J.C.: Dictatorships were common currency in Venezuela, historically, for several successive decades. What has this repetitive, troubled political path made of your country?
R.C.: What is happening is a consequence of the past two centuries of history. The nineteenth century was taken up above all by armed confrontations between strongmen who had fought for independence. The writer Antonio Arráiz says there were more than forty revolutions—this is his term for these devastating disputes, although there were also bright spots represented by enlightened civilians.
The twentieth century was characterized by the struggle to establish a democratic government, led by those who emerged from the prisons of Juan Vicente Gómez. Venezuela had a period of democracy, but it was apparently unsolid: another dictator emerged from the army, this one toppled by the people and the army itself, but not before he mercilessly persecuted members of Acción Democrática and the Communist Party. It’s a good thing there are always some pro-civilian soldiers, but there are also fervently militaristic citizens. Let me clarify: all countries have armies, but militarism is the unmeasured exaltation of these armies. With the money he took as he fled, that dictator lived well in Spain. The poet and essayist Juan Liscano, an unheard voice, is the author of the book El horror por la historia. It seems to me that his career and that of psychiatry go hand in hand; both study normal human—or, better said, de-human—madness. Quite rightly, politicians don’t like psychology to enter their premises, when in reality it would be healthy for all presidential candidates to be examined by psychotherapists.
J.C.: In an interview from the past decade, you said, “We are getting poorer every day.” In some parts of the world, like Spain, political parties have existed that fought against this vision of defeat that politics inflicted upon Venezuela. What’s behind the failing of politics in your country?
R.C.: Maybe presidentialism, which has been, in my view, disastrous. I think we would do better with a parliamentary system, because the title of “prime minister” is more modest than that of “president,” which tends to make its holder haughty, change his nature, leave him vain. Then his inflated ego takes control. The president’s own self-importance forces him to hold on to his seat. He wants to be a candidate again. Power is evil, as Jacob Burckhardt said, having examined the history of humanity. He knew a great deal about it.
J.C.: Your literature has received awards and been feted outside your own country, in Spain, in other countries of Latin America.

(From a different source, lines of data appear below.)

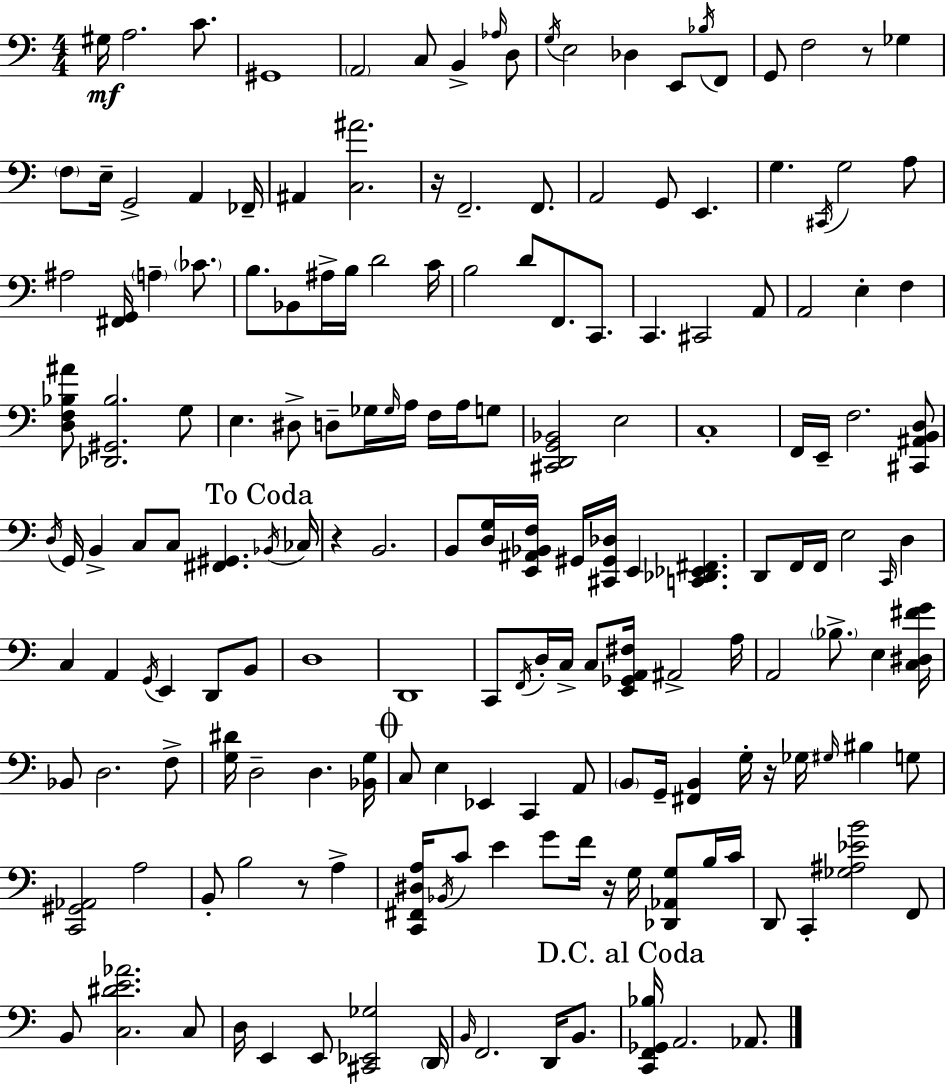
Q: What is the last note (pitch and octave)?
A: Ab2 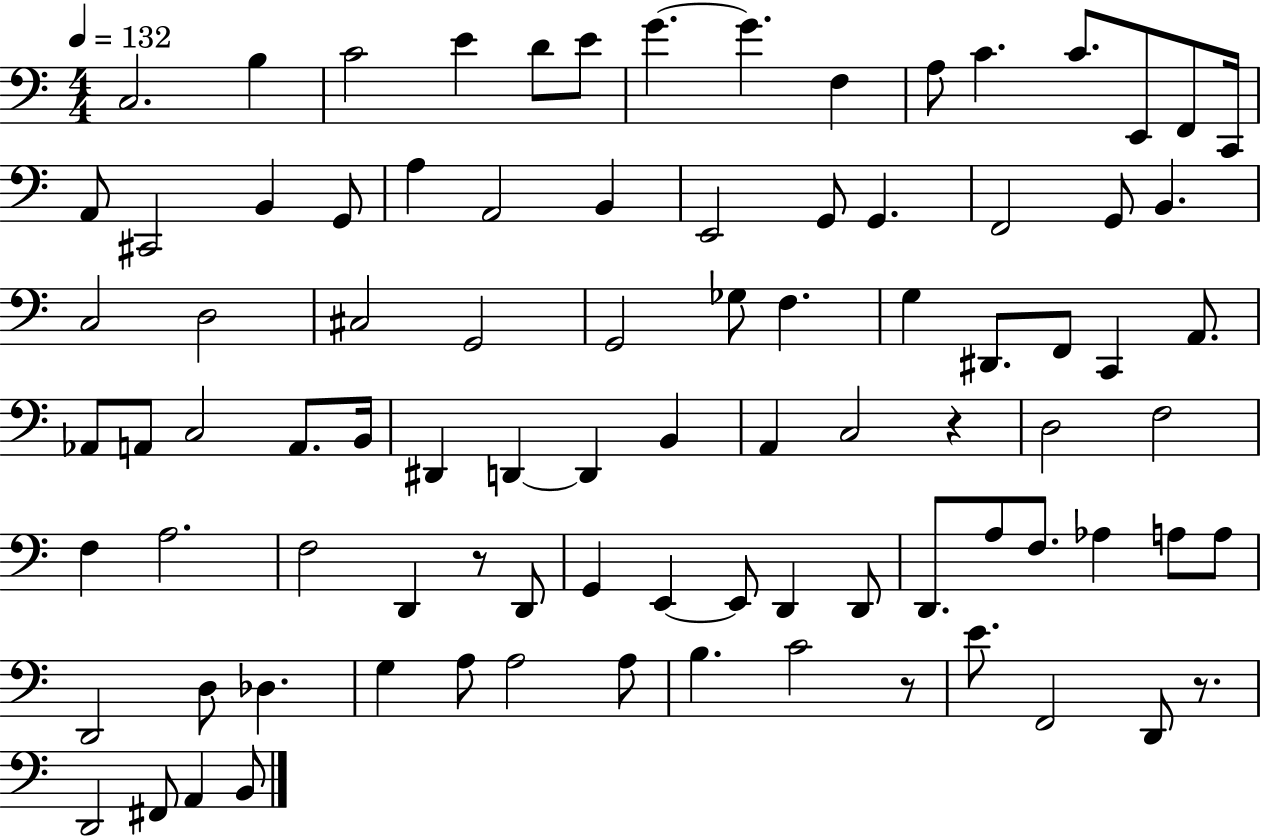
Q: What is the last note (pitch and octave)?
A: B2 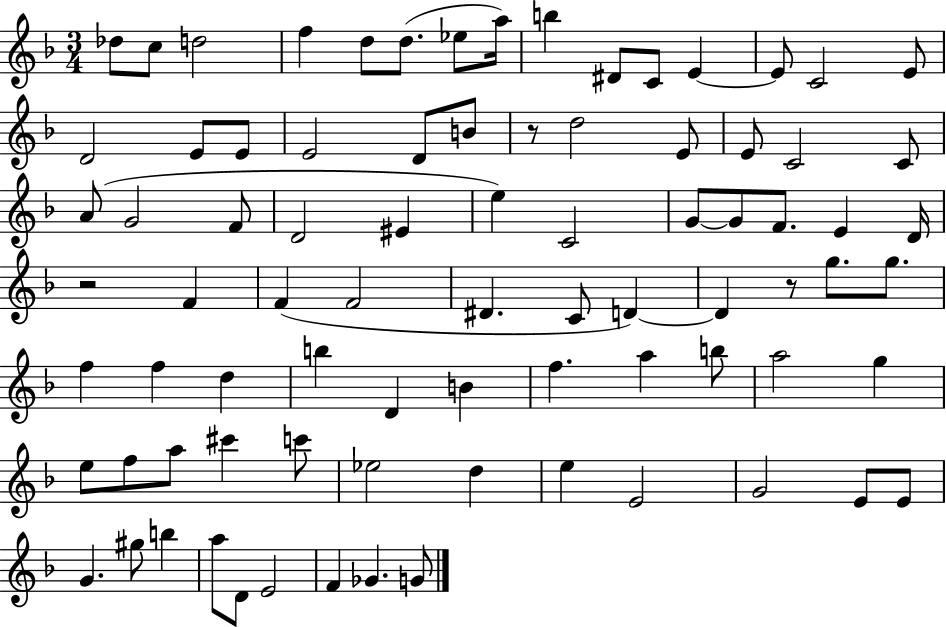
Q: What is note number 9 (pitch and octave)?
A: B5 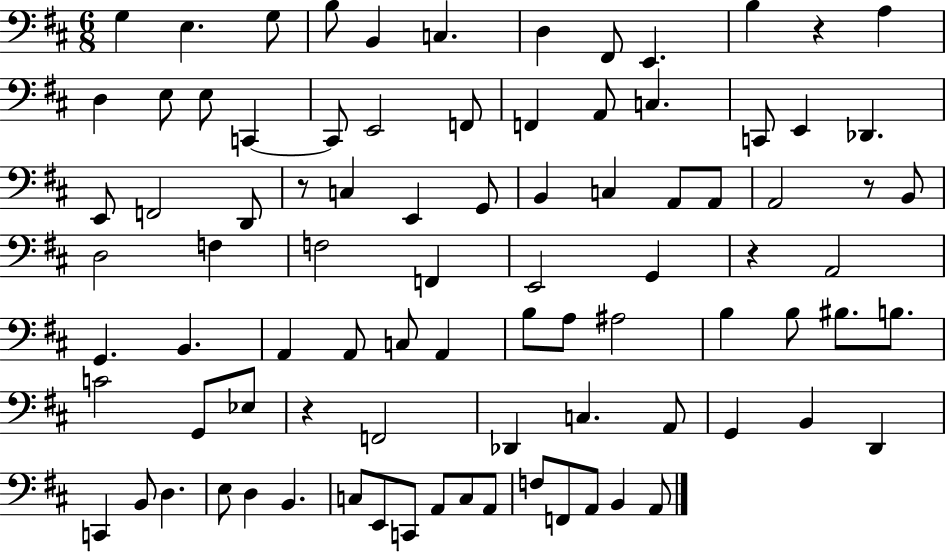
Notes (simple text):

G3/q E3/q. G3/e B3/e B2/q C3/q. D3/q F#2/e E2/q. B3/q R/q A3/q D3/q E3/e E3/e C2/q C2/e E2/h F2/e F2/q A2/e C3/q. C2/e E2/q Db2/q. E2/e F2/h D2/e R/e C3/q E2/q G2/e B2/q C3/q A2/e A2/e A2/h R/e B2/e D3/h F3/q F3/h F2/q E2/h G2/q R/q A2/h G2/q. B2/q. A2/q A2/e C3/e A2/q B3/e A3/e A#3/h B3/q B3/e BIS3/e. B3/e. C4/h G2/e Eb3/e R/q F2/h Db2/q C3/q. A2/e G2/q B2/q D2/q C2/q B2/e D3/q. E3/e D3/q B2/q. C3/e E2/e C2/e A2/e C3/e A2/e F3/e F2/e A2/e B2/q A2/e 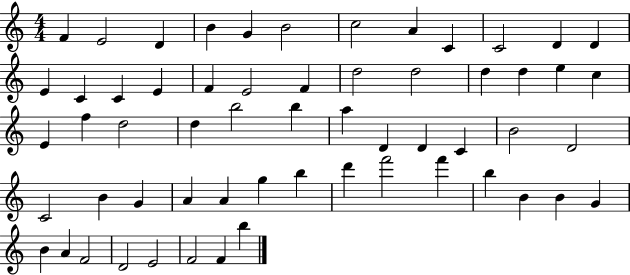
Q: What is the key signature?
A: C major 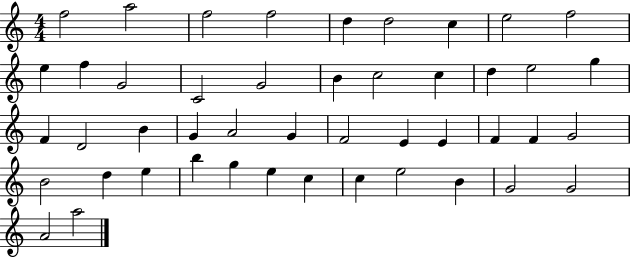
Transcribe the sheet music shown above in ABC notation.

X:1
T:Untitled
M:4/4
L:1/4
K:C
f2 a2 f2 f2 d d2 c e2 f2 e f G2 C2 G2 B c2 c d e2 g F D2 B G A2 G F2 E E F F G2 B2 d e b g e c c e2 B G2 G2 A2 a2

How have you experienced these honors?
R.C.: They have surprised me immensely, and I am grateful for them. Without them, I could not have borne this situation. Imagine it—as a retired professor, I get five dollars a month. With that, you could buy perhaps a liter of milk and a stick of bread. The autonomous universities no longer exist; left unprotected, they have been sacked, and a country without free universities falls behind. Then it takes a long time to remake them. In broader terms: Sartre turned down the Nobel Prize not out of humility but out of pride. I think the government is going to create different universities. It would be a mistake to create them for the purpose of indoctrination, with a view to bringing the population into alignment. Unamuno said he pitied a unanimous people. The antidote to counteract this is plurality, which is proper to human beings, who are the same and different at once.

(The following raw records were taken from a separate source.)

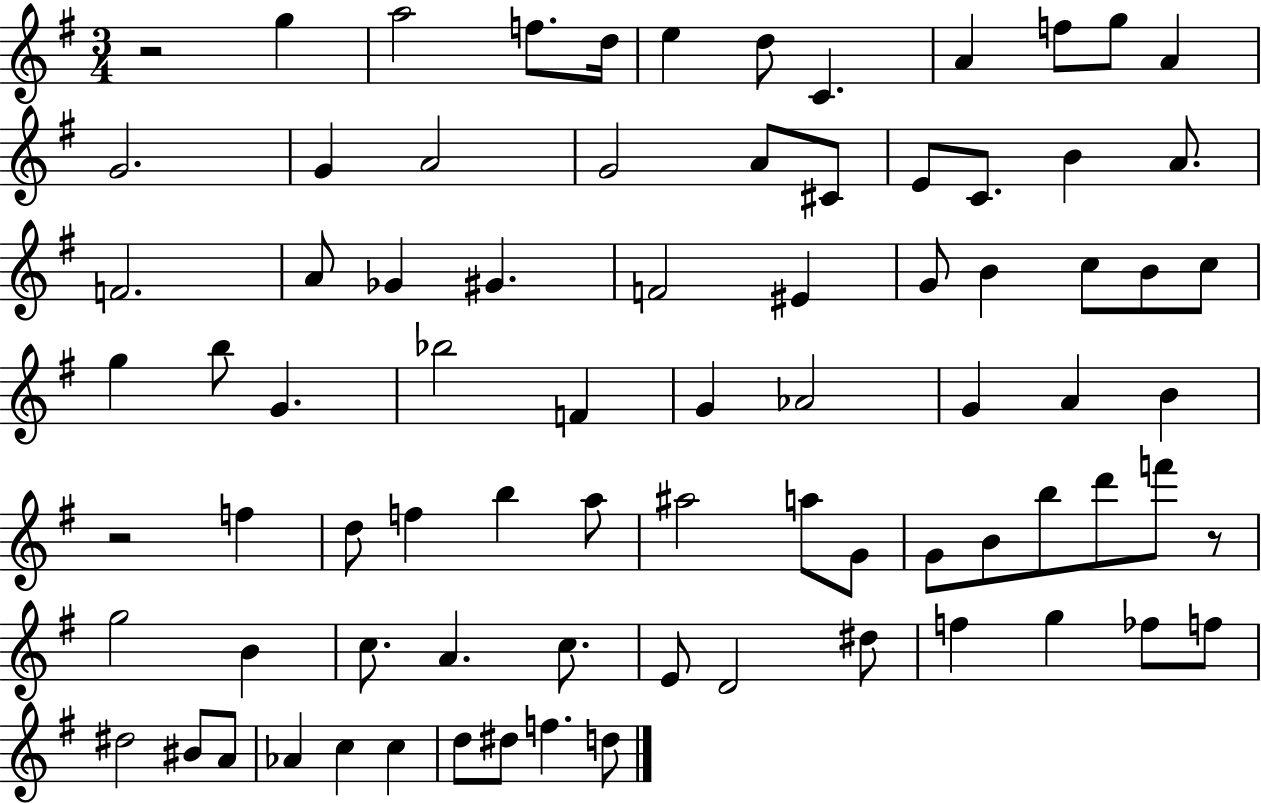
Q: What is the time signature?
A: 3/4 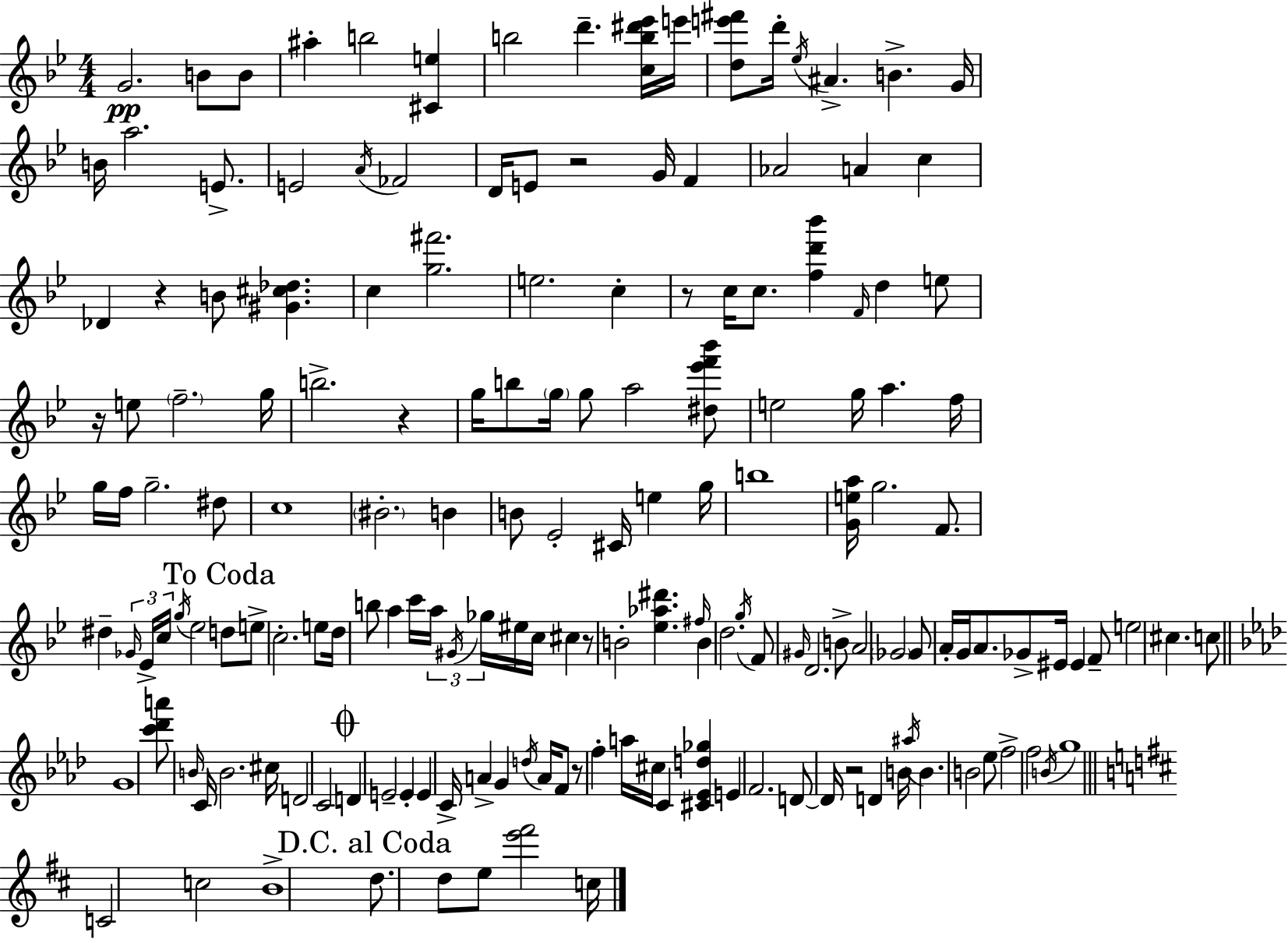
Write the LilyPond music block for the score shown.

{
  \clef treble
  \numericTimeSignature
  \time 4/4
  \key g \minor
  g'2.\pp b'8 b'8 | ais''4-. b''2 <cis' e''>4 | b''2 d'''4.-- <c'' b'' dis''' ees'''>16 e'''16 | <d'' e''' fis'''>8 d'''16-. \acciaccatura { ees''16 } ais'4.-> b'4.-> | \break g'16 b'16 a''2. e'8.-> | e'2 \acciaccatura { a'16 } fes'2 | d'16 e'8 r2 g'16 f'4 | aes'2 a'4 c''4 | \break des'4 r4 b'8 <gis' cis'' des''>4. | c''4 <g'' fis'''>2. | e''2. c''4-. | r8 c''16 c''8. <f'' d''' bes'''>4 \grace { f'16 } d''4 | \break e''8 r16 e''8 \parenthesize f''2.-- | g''16 b''2.-> r4 | g''16 b''8 \parenthesize g''16 g''8 a''2 | <dis'' ees''' f''' bes'''>8 e''2 g''16 a''4. | \break f''16 g''16 f''16 g''2.-- | dis''8 c''1 | \parenthesize bis'2.-. b'4 | b'8 ees'2-. cis'16 e''4 | \break g''16 b''1 | <g' e'' a''>16 g''2. | f'8. dis''4-- \tuplet 3/2 { \grace { ges'16 } ees'16-> c''16 } \acciaccatura { g''16 } ees''2 | \mark "To Coda" d''8 e''8-> c''2.-. | \break e''8 d''16 b''8 a''4 c'''16 \tuplet 3/2 { a''16 \acciaccatura { gis'16 } ges''16 } | eis''16 c''16 cis''4 r8 b'2-. | <ees'' aes'' dis'''>4. \grace { fis''16 } b'4 d''2. | \acciaccatura { g''16 } f'8 \grace { gis'16 } d'2. | \break b'8-> a'2 | \parenthesize ges'2 ges'8 a'16-. g'16 a'8. | ges'8-> eis'16 eis'4 f'8-- e''2 | cis''4. c''8 \bar "||" \break \key f \minor g'1 | <c''' des''' a'''>8 \grace { b'16 } c'16 b'2. | cis''16 d'2 c'2 | \mark \markup { \musicglyph "scripts.coda" } d'4 e'2-- e'4-. | \break e'4 c'16-> a'4-> g'4 \acciaccatura { d''16 } a'16 | f'8 r8 f''4-. a''16 cis''16 c'4 <cis' ees' d'' ges''>4 | e'4 f'2. | d'8~~ d'16 r2 d'4 | \break b'16 \acciaccatura { ais''16 } b'4. b'2 | ees''8 f''2-> f''2 | \acciaccatura { b'16 } g''1 | \bar "||" \break \key d \major c'2 c''2 | b'1-> | \mark "D.C. al Coda" d''8. d''8 e''8 <e''' fis'''>2 c''16 | \bar "|."
}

J.C.: Some say you are a silent man; others attribute this to the virtue of discretion. What would be, in your own words today, a self-portrait of your tone of voice? Does this silence, or this discretion, take on the power of a metaphor, or of an attitude?
R.C.: It is an image. Sometimes I talk rather a lot, especially now on the phone, which makes up for the isolation since it’s hard to get together with friends. As far as my voice, it changes according to the strength of my spirits, which tends to decline in these years. It is quite understandable how people, with some exceptions, become sluggish. As far as secrets, I have several, but if I said them they would cease to be secrets. With regards to silence, I await true silence, which is an emptiness in which one becomes part of the whole. It is the suspension of the self.
J.C.: Poetry is your weapon. It always has been, for as much as it might be, as you say, “powerful and insignificant.” What gives you this power to transform what you are feeling into verse?
R.C.: I’ve never seen it that way. I am an unarmed man, an enemy of machismo, which must be studied in great depth because it takes part in history, which has not dawned on most of us. It is also the cause of femicide, which, at its core, besides the usual reasons, is due to a rejection of the feminine within those who commit it, because all of us, even “the most manly,” are androgynous. I am particularly worshipful of women. To me, even the euphemistically-called sex worker is sacred. Science tells the most macho among us that they have a feminine side; if they recognized it, they would feel complete. They would be human beings, not criminals.
I believe, when women notice some sign of violence in a man, they should not wait until the situation gets worse—they should report it to the competent authority.
J.C.: In 2008, you said, “The modern poet speaks from insecurity. Causes and flags are finished.” What has taken the place of these two traditional armaments of twentieth-century poetry?
R.C.: As William Carlos says, the fact of being is first and foremost—more important than causes and flags. That doesn’t mean we should lie still in the face of what’s going on in the world, which is so severe. We are in the sights of nationalisms, fanaticisms, terrorisms, totalitarianisms; I can’t list all the isms that lead to terrible wars. Even religions create division, when they should be promoters of unity.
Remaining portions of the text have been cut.